John Bowlby was the second son of Major General Sir Anthony Bowlby, 1st Baronet, who was surgeon to King Edward VII s household, honorary surgeon-in-ordinary to King George V, and president of the Royal College of Surgeons from 1920-23. His mother, Maria Bridget née Mostyn, was the daughter of a Church of England clergyman. His early education was at Abberley Hall preparatory school and, as he was destined for a naval career, the Royal Naval College, Dartmouth. But he changed his mind, decided to study medicine and went up to Trinity College, Cambridge, and University College Hospital, London. On qualification in medicine he specialized in psychiatry, child psychiatry and psychoanalysis. From 1933-35 he was a clinical assistant at the Maudsley Hospital. In 1936 he joined the staff of the London Child Guidance Clinic where he stayed until 1940. During the second world war he served as a consultant psychiatrist in the RAMC, attaining the rank of lieutenant colonel. In 1946 he joined the staff of the Tavistock Clinic and remained there until his retirement in 1972.
He was chairman of the department of children and parents at the Tavistock Clinic from 1946-68, and president of the International Association of Child Psychiatrists and Allied Professions from 1962-66. From 1963-72 he was a member of the external scientific staff of the Medical Research Council, and from 1950 onwards was consultant in mental health to the World Health Organization. He carried out research at the National Institute of Mental Health, Bethesda, USA, from 1958-63 and was visiting professor of psychiatry at Stanford University, California, in 1968.
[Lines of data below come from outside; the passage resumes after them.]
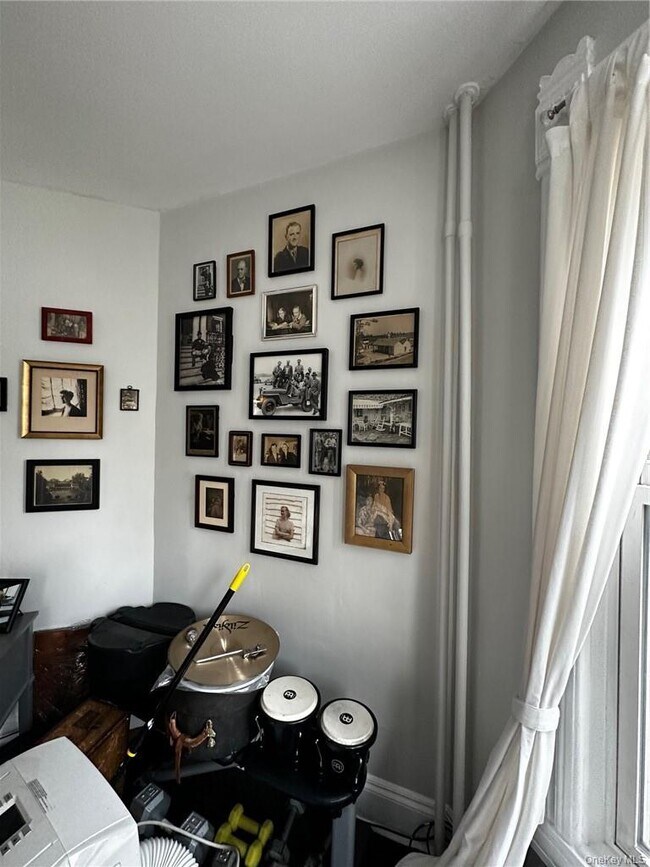 Building Photo - 216 Union Ave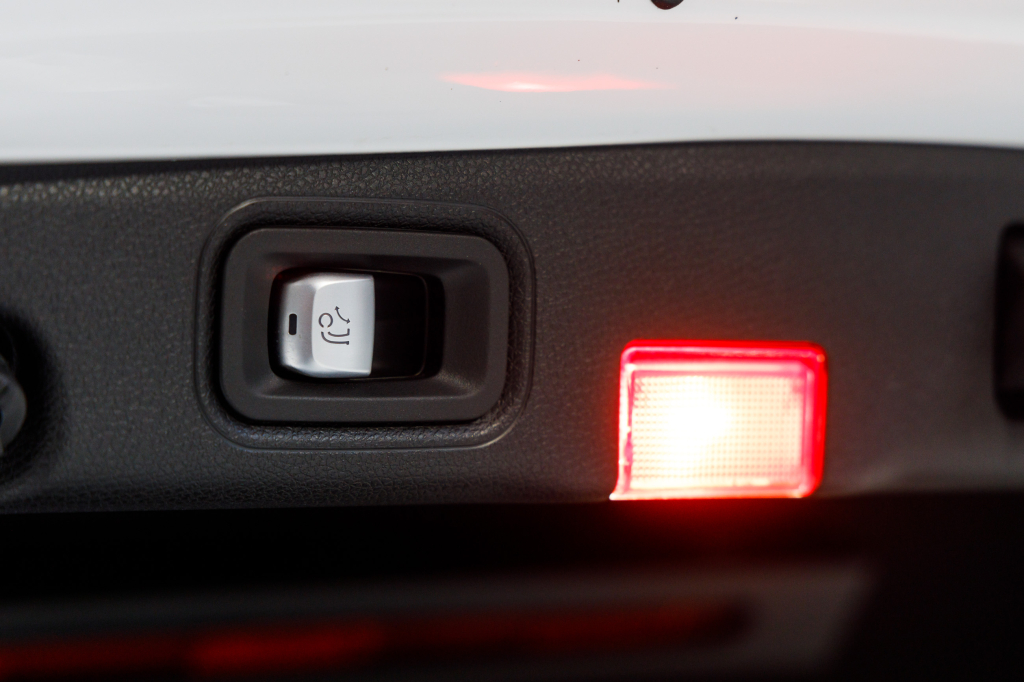 Mercedes-Benz E 200 4Matic AMG Line photo 30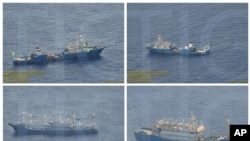 រូបភាព​បញ្ជូល​គ្នា​នៃ​រូបភាព​ដែល​ផ្តល់​ដោយ​រដ្ឋាភិបាល​ហ្វីលីពីន​កាលពី​ថ្ងៃទី៣ ខែកញ្ញា ឆ្នាំ២០១៦ បង្ហាញ​ពី​អ្វី​ដែល​រដ្ឋាភិបាល​បាន​អះអាង​ថា នាវា​ល្បាត​សមុទ្រ​របស់​ចិន​កំពុង​ស្ថិត​នៅ​កោះ Scarborough Shoal ក្នុង​សមុទ្រ​ចិន​ខាង​ត្បូង។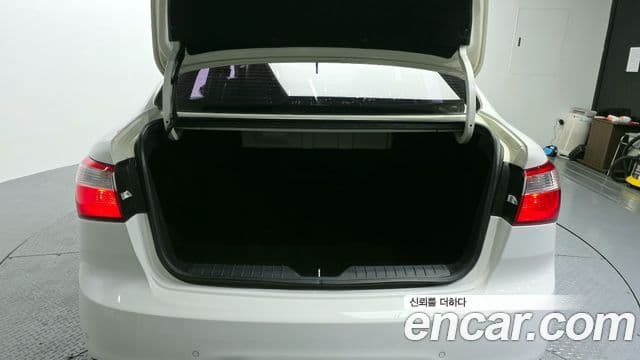 Kia All New Pride Prestige, 2012 20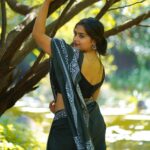 Kavya Kalyanram Instagram - Happy New Year 🥳 ♥️ My urge to just post these pictures >>>> me genuinely wanting to send new year wishes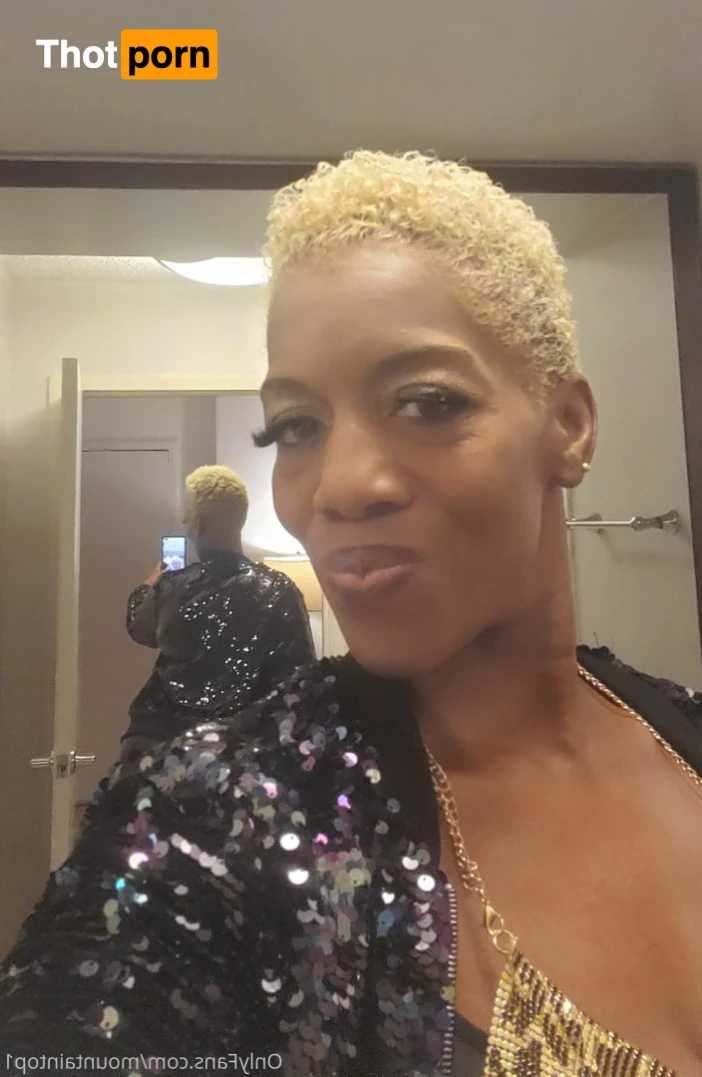 86inchesofbooty 7462820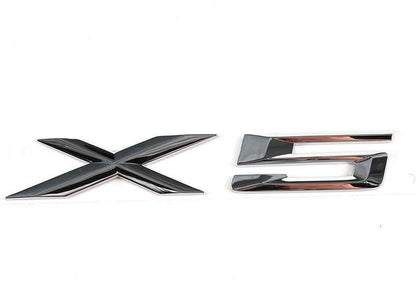 OEM -Klebstoff -Emblem 51148402675 für BMW x5 {e53} (alle kompatiblen Modelle). Original BMW.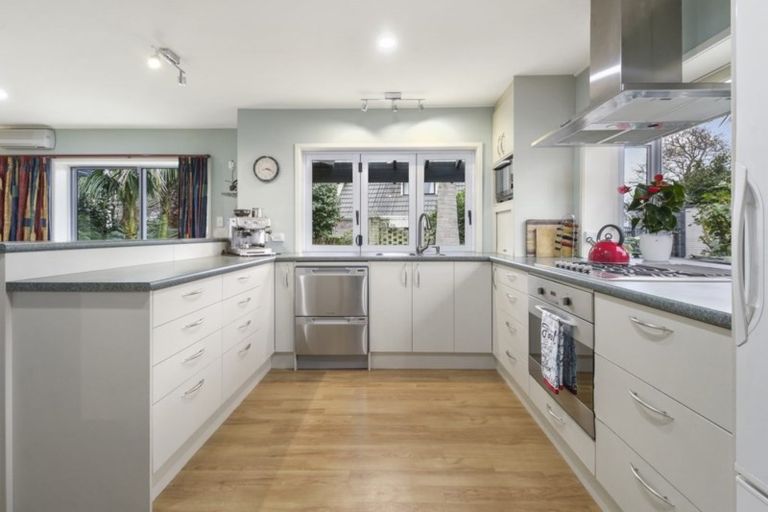 Photo of property in 6 Catania Place, Conifer Grove, Takanini, 2112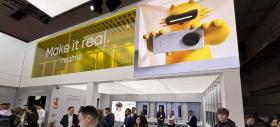 MWC 2025: Turul standului realme din Barcelona - Smartphone-uri rezistente la apă, funcții AI exclusive, cameraphone Ultra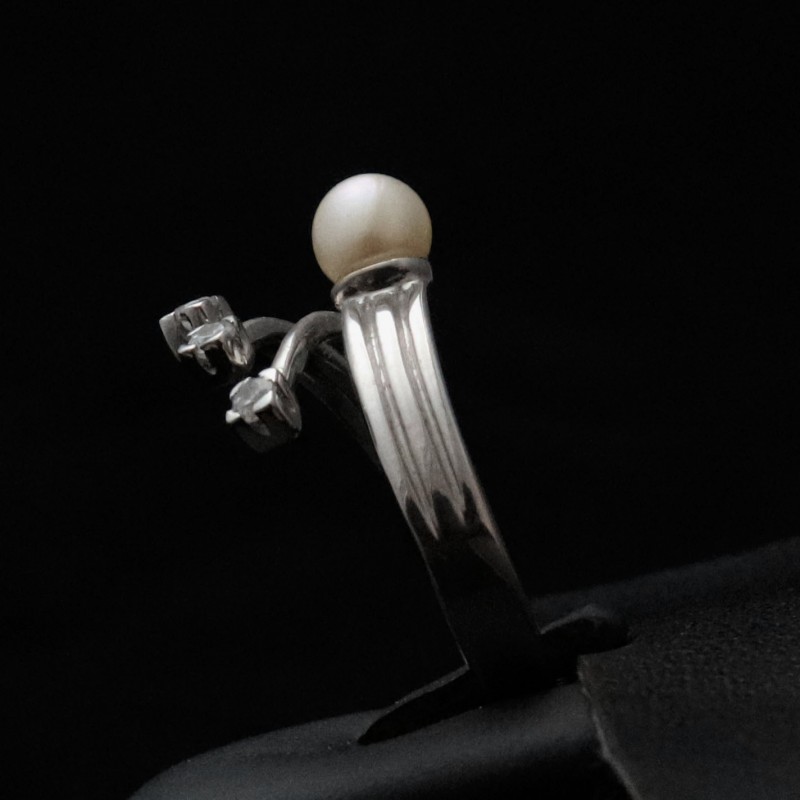 δαχτυλιδι λευκοχρυσο με πετρα απο μαργαριταρι...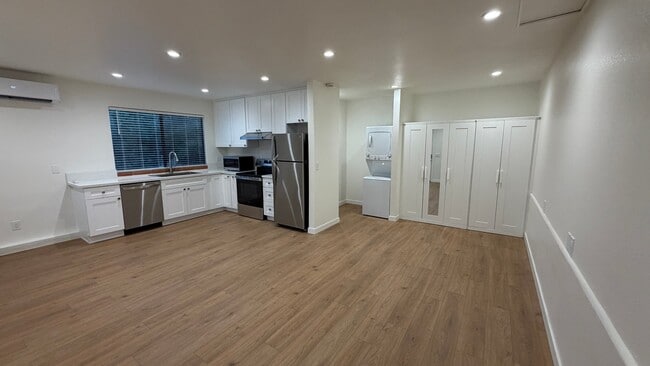 Photo - 1527 Calavo Rd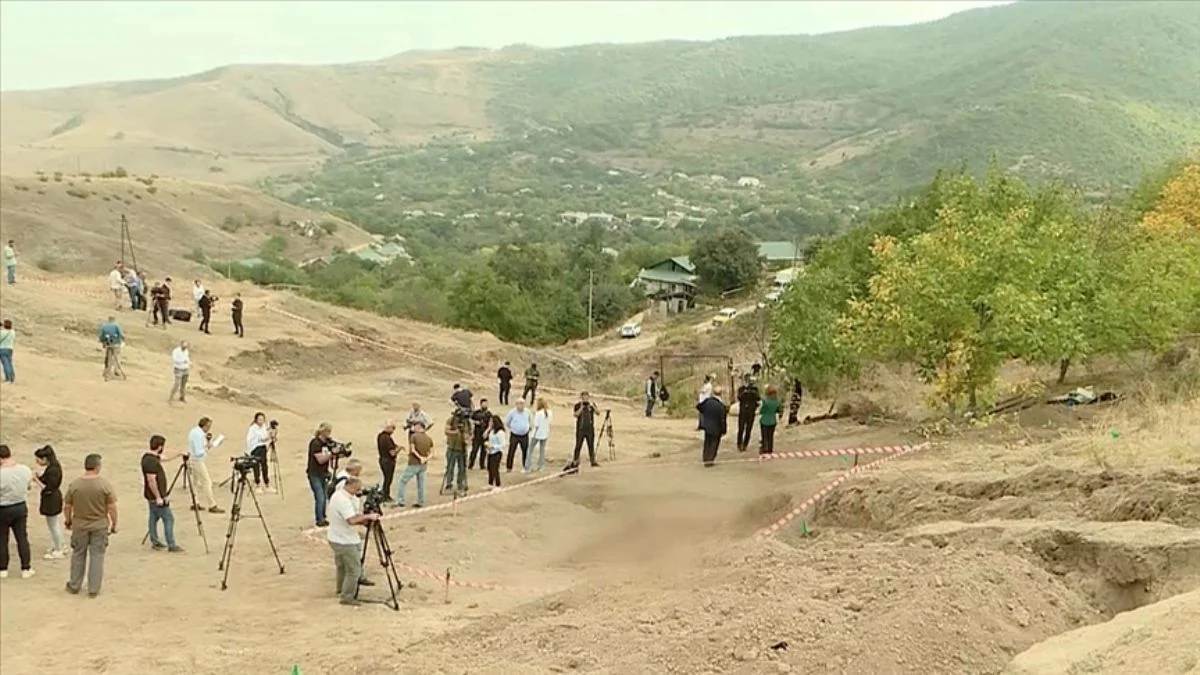 Azerbaycan askerlerine ait toplu mezar bulundu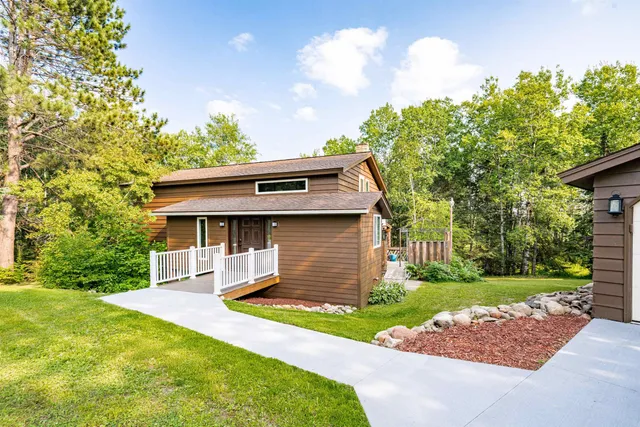 $599,999 | 29 Ridge Road, Esko, MN 55733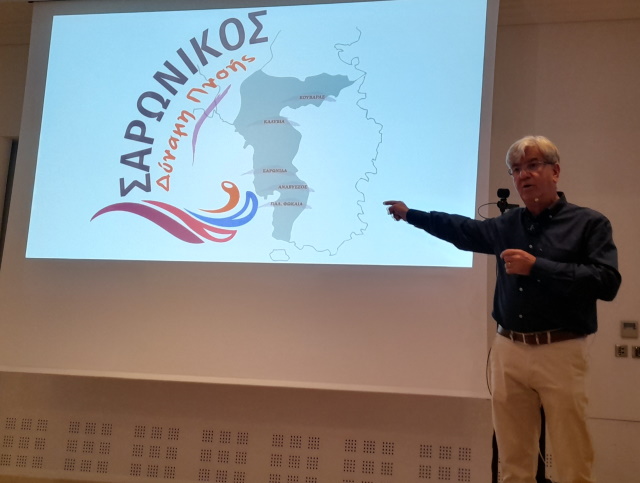 Σαρωνικός: «Πρώτη» Γ. Κυριακόπουλου με απολογισμό, βασικούς άξονες και αιχμές κατά Τσιγαρίδα (Φωτός)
In 1946 he published a study of delinquent children who had been referred to the London Child Guidance Clinic, Forty-four juvenile thieves: their characters and home life, London, Bailière, Tindall & Cox. But the work which really established his reputation began with an invitation from the World Health Organisation in 1950, to advise on the mental health of homeless children. This led to the publication in 1951 of Maternal care and mental health, based on his WHO report, which was later abridged and edited by Margery Fry as Child care and the growth of love; London, Baltimore USA, Penguin Books, 1953. He then published Attachment, New York, Basic Books, cl969, which was the first volume of his massive trilogy Attachment, Separation and Loss the second volume being Separation: anxiety and anger, 1973. The trilogy was completed in 1980 by the publication of Loss: sadness and depression. Briefer, more popular expositions of Bowlby’s views appeared in The making and breaking of affectional bonds, London, Tavistock Publications, 1979, followed by A secure base, in 1988.
Bowlby was the originator of what is now known as ‘attachment theory’. Having established that separation from the mother or mother-substitute in early childhood often had dire results, Bowlby set about investigating the way in which human beings establish ties of attachment with one another and what consequences follow when these ties are severed. Unlike most psychoanalysts, Bowlby was acutely aware of the necessity of evidence to support his theories. His conclusions were always backed up by objective research and extensive references. His interest led him to study ethology and he became acquainted with and indebted to Konrad Lorenz, Niko Tinbergen and Robert Hinde. His studies of attachment in other species led him to conclude that the biological roots of attachment originated in the need to protect the young from predators.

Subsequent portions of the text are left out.